- **Exercise instructions**: Set down each line from the start of the material exactly, please, up to and including the one that contains "Bild des Artikels".

- **The input**:
####################

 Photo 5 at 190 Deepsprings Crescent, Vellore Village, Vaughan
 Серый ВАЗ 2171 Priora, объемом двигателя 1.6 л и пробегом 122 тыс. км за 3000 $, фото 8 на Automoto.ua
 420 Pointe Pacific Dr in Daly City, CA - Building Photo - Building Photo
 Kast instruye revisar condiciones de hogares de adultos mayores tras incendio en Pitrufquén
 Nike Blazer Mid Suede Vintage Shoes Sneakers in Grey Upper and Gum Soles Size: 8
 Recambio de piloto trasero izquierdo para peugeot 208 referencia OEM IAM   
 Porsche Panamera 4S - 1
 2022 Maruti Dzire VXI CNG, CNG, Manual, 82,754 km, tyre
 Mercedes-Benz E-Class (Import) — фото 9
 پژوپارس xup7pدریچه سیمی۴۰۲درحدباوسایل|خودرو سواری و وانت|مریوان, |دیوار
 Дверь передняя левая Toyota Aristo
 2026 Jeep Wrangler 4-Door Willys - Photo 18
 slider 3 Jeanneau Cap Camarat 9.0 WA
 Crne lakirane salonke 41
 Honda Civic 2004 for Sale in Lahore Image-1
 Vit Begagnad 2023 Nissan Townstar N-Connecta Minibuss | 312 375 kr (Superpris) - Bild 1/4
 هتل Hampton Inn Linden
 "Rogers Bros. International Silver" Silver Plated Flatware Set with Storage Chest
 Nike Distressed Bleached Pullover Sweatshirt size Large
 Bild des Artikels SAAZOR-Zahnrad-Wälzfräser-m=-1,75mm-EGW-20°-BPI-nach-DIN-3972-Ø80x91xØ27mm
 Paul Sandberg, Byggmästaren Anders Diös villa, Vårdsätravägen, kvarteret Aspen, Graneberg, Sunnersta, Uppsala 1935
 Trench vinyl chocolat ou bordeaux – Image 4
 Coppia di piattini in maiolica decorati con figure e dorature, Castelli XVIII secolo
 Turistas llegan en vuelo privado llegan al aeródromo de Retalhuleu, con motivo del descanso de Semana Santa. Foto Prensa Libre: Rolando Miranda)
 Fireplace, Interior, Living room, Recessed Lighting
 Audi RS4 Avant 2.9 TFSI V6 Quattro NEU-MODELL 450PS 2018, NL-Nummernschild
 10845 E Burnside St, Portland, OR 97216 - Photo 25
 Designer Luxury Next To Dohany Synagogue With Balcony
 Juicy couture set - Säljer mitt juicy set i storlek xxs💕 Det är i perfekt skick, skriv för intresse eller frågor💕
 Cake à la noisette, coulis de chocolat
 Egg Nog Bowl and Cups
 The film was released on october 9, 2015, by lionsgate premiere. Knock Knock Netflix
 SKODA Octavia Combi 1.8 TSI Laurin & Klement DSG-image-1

####################

- **Response**:
 Photo 5 at 190 Deepsprings Crescent, Vellore Village, Vaughan
 Серый ВАЗ 2171 Priora, объемом двигателя 1.6 л и пробегом 122 тыс. км за 3000 $, фото 8 на Automoto.ua
 420 Pointe Pacific Dr in Daly City, CA - Building Photo - Building Photo
 Kast instruye revisar condiciones de hogares de adultos mayores tras incendio en Pitrufquén
 Nike Blazer Mid Suede Vintage Shoes Sneakers in Grey Upper and Gum Soles Size: 8
 Recambio de piloto trasero izquierdo para peugeot 208 referencia OEM IAM   
 Porsche Panamera 4S - 1
 2022 Maruti Dzire VXI CNG, CNG, Manual, 82,754 km, tyre
 Mercedes-Benz E-Class (Import) — фото 9
 پژوپارس xup7pدریچه سیمی۴۰۲درحدباوسایل|خودرو سواری و وانت|مریوان, |دیوار
 Дверь передняя левая Toyota Aristo
 2026 Jeep Wrangler 4-Door Willys - Photo 18
 slider 3 Jeanneau Cap Camarat 9.0 WA
 Crne lakirane salonke 41
 Honda Civic 2004 for Sale in Lahore Image-1
 Vit Begagnad 2023 Nissan Townstar N-Connecta Minibuss | 312 375 kr (Superpris) - Bild 1/4
 هتل Hampton Inn Linden
 "Rogers Bros. International Silver" Silver Plated Flatware Set with Storage Chest
 Nike Distressed Bleached Pullover Sweatshirt size Large
 Bild des Artikels SAAZOR-Zahnrad-Wälzfräser-m=-1,75mm-EGW-20°-BPI-nach-DIN-3972-Ø80x91xØ27mm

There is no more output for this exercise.